Witnesses who gave evidence to the House of Commons’ Committee on the Immigration Bill —from migrants’ rights organisations to the migration-sceptic head of Migration Watch, Lord Green—all told us that only by enforcing the duties of employers will exploitation be rooted out.

This is not just a question of human rights, although many of our international obligations will be contravened if this Bill becomes law. It also cuts to the core of the ‘productivity puzzle’ outlined by the Bank of England. Cameron has not only forgotten his anti-slavery commitments, he has also failed to learn the lesson of the last five years—a sustainable economic recovery will not be achieved by propping up bad business with weak outputs. The Bill will make it simpler for poor business models to thrive—models which depend upon cheap and exploitable labour—in the understanding that in Cameron’s Britain exploitation pays. 

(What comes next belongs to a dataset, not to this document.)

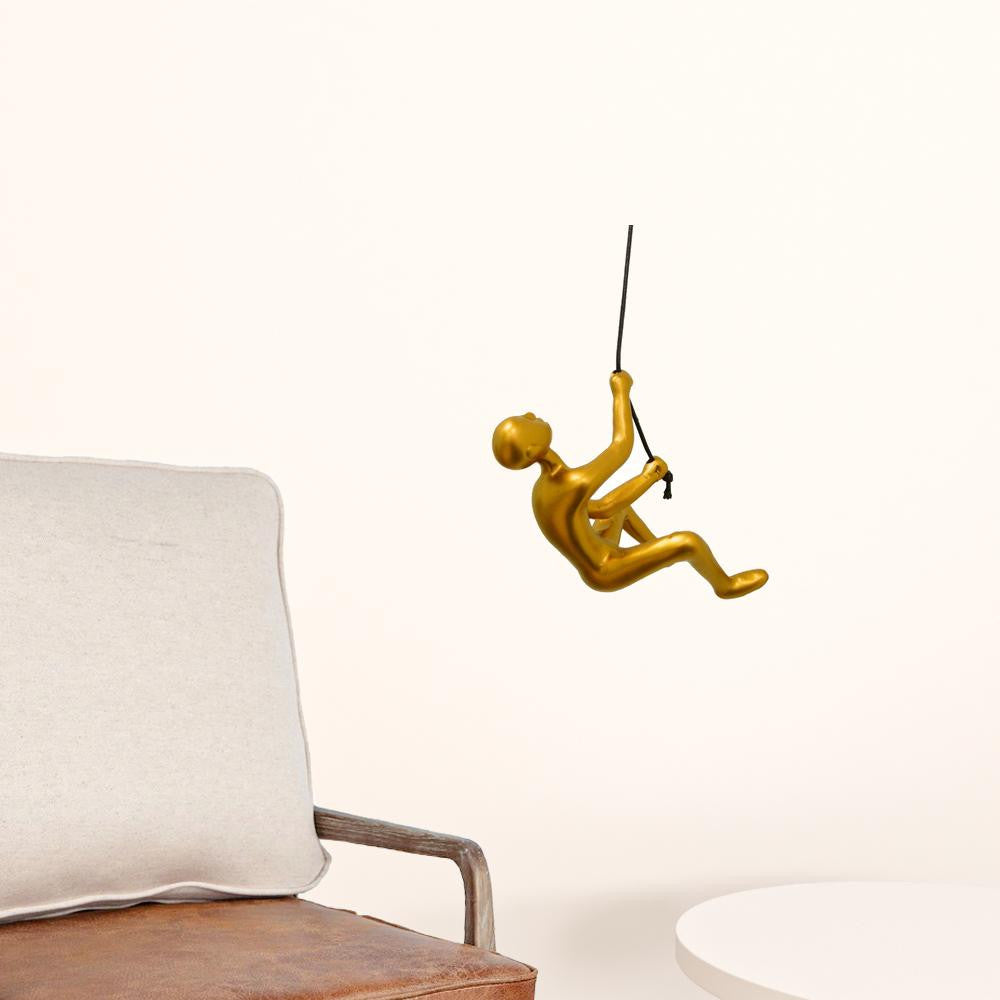 6" Gold Unique Climbing Man Wall Art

As the Business Secretary says in the government consultation accompanying the Bill, “if more rogue employers are brought to task for exploitation, this will reduce illegal wage undercutting and unlock wealth creation by legitimate businesses, by releasing them from unfair competition from exploitative rivals”. Sound advice on the face of it, but the government’s Immigration Bill is more concerned with criminalising victims than bringing employers to task. Indeed, the Business Department’s consultation proposes a more “flexible” approach to enforcement of labour standards. Rogue employers 2, victims 0.

The truth is that undocumented workers are not stealing jobs from British workers; they are instead propping up failing business models across the UK. The Immigration Bill will make this situation worse, not better. The Bill passed the House of Commons on 1 December. It now goes to the House of Lords, where Labour Peers and others will continue the fight to get the Government to rethink.